* [Brief]:
Copy the lines below, word for word, from the first through the line containing "A pair of pewter". Leave the pictures out.

[Web page caption snippets]

· · · · ·

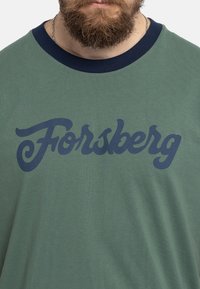 Camiseta verde de manga corta con un cuello acanalado en azul marino y un gran texto cursivo azul que dice "Forsberg" en el frente. Textura de tela suave.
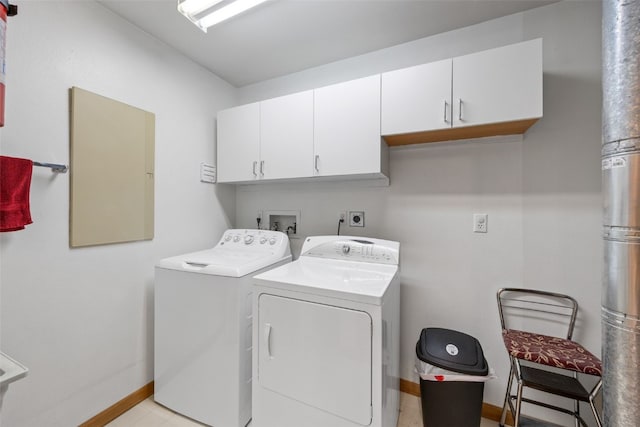 4710 Westchester Dr NE Unit C, Cedar Rapids, IA 52402 - washroom with separate washer and dryer and cabinet space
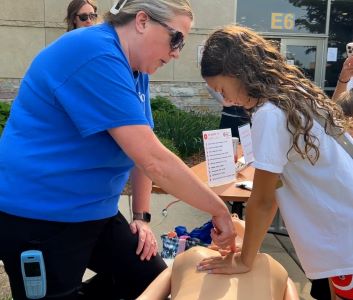 girl learning CPR.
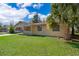 Charming single-story home with well-maintained front yard featuring a mature palm tree, enhancing curb appeal at 4524 King Cole Blvd, Orlando, FL 32811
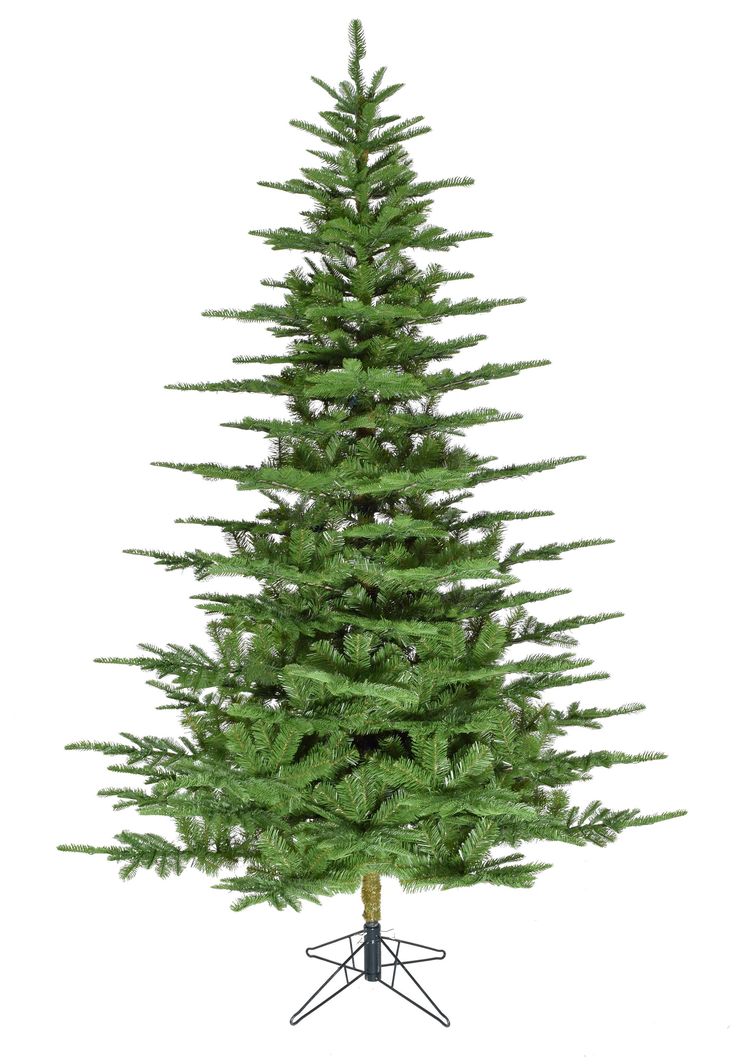 a small green christmas tree on a stand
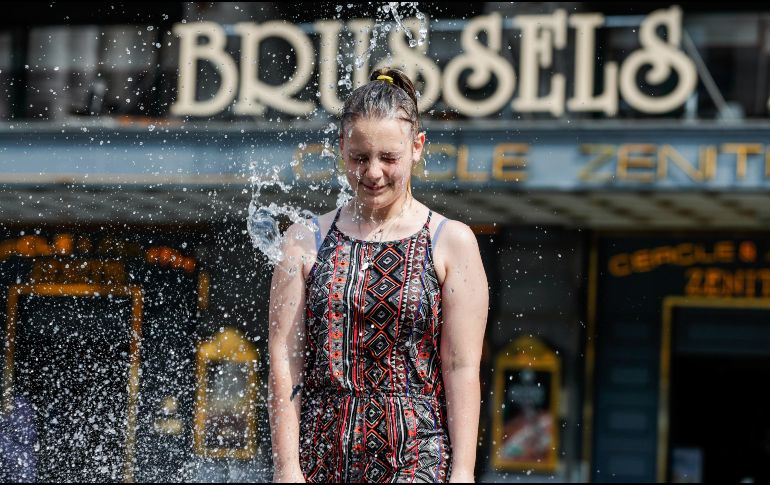 Una joven se mete este viernes a una fuente en Bruselas, la capital belga. El país padece la ola de calor que afecta a Europa. EFE/EPA/. Lecocq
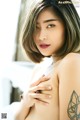 A woman with a tattoo on her arm is posing for a picture.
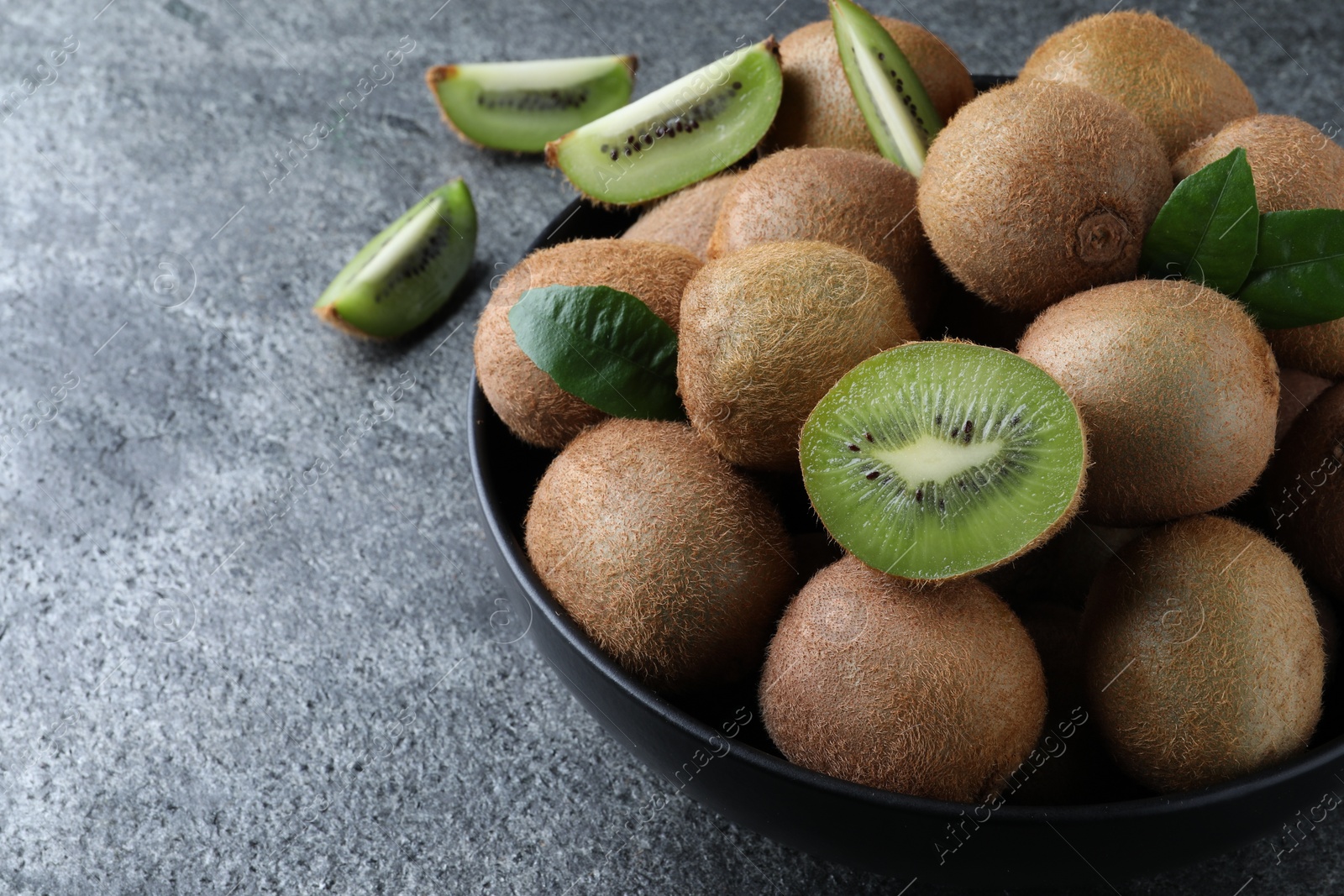 Photo of Fresh ripe kiwis in bowl on grey table, space for text
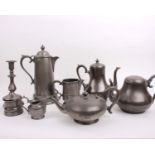 A pair of pewter flagons by Cooper Brothers, Sheffield, one presented in 1905, together with a group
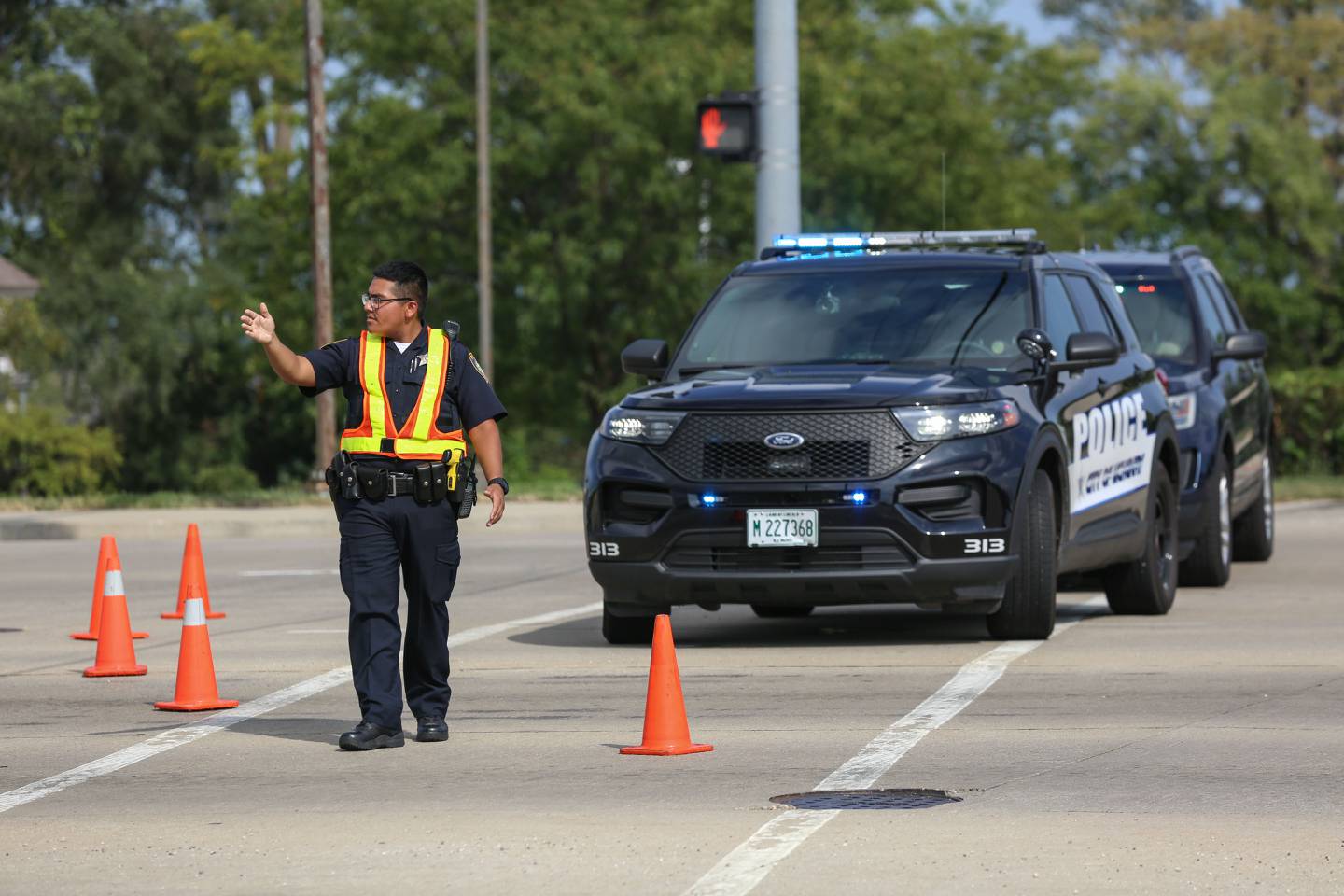 Investigators with the McHenry Police Department spent hours taking photos and gathering evidence at the intersection of Illinois Route 31 and Bull Valley Road on Sunday, Aug. 29, 2021 after a report of shots fired in the area around 1:25 p.m.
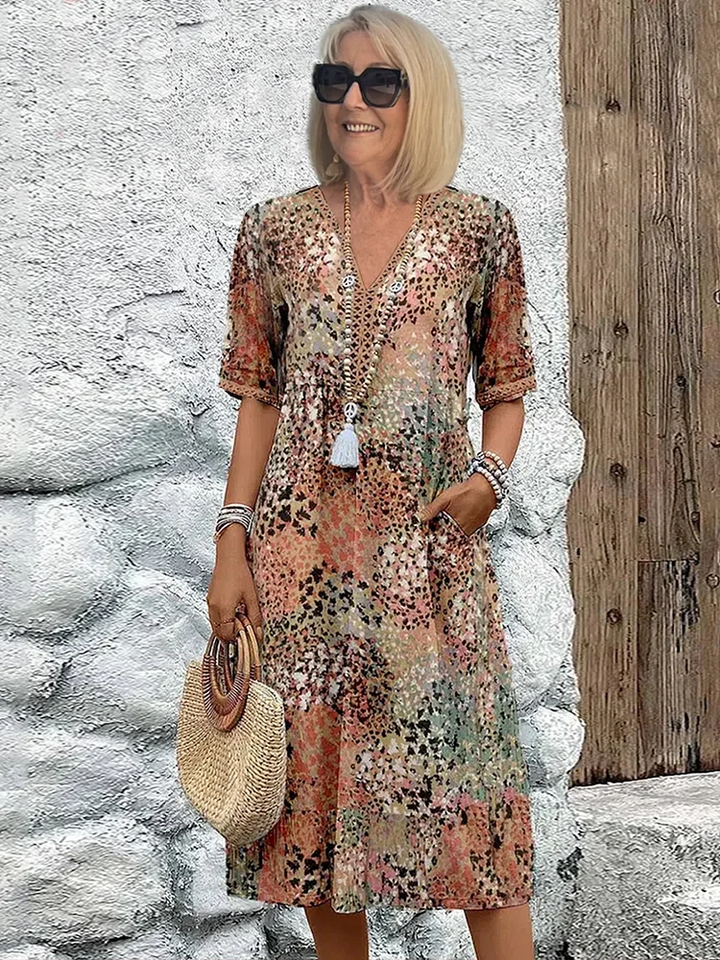 Earth-tone floral print midi dress with V-neck and short sleeves, boho look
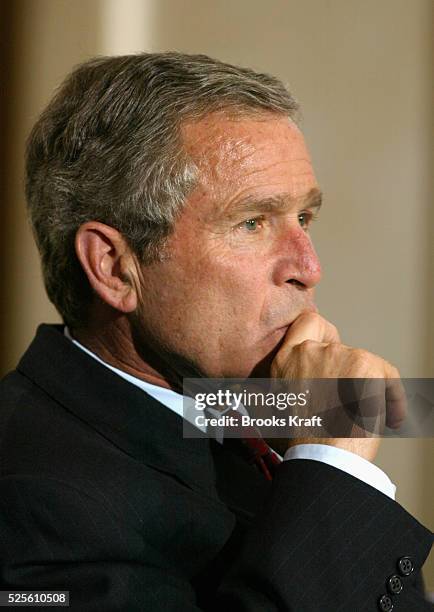 President George W. Bush listens as Nancy Reagan receives the Congressional Gold Medal for herself and her husband, former President Ronald Reagan on...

· · · · ·

* [Written reply]:
 Camiseta verde de manga corta con un cuello acanalado en azul marino y un gran texto cursivo azul que dice "Forsberg" en el frente. Textura de tela suave.
 4710 Westchester Dr NE Unit C, Cedar Rapids, IA 52402 - washroom with separate washer and dryer and cabinet space
 girl learning CPR.
 Charming single-story home with well-maintained front yard featuring a mature palm tree, enhancing curb appeal at 4524 King Cole Blvd, Orlando, FL 32811
 a small green christmas tree on a stand
 Una joven se mete este viernes a una fuente en Bruselas, la capital belga. El país padece la ola de calor que afecta a Europa. EFE/EPA/. Lecocq
 A woman with a tattoo on her arm is posing for a picture.
 Photo of Fresh ripe kiwis in bowl on grey table, space for text
 A pair of pewter flagons by Cooper Brothers, Sheffield, one presented in 1905, together with a group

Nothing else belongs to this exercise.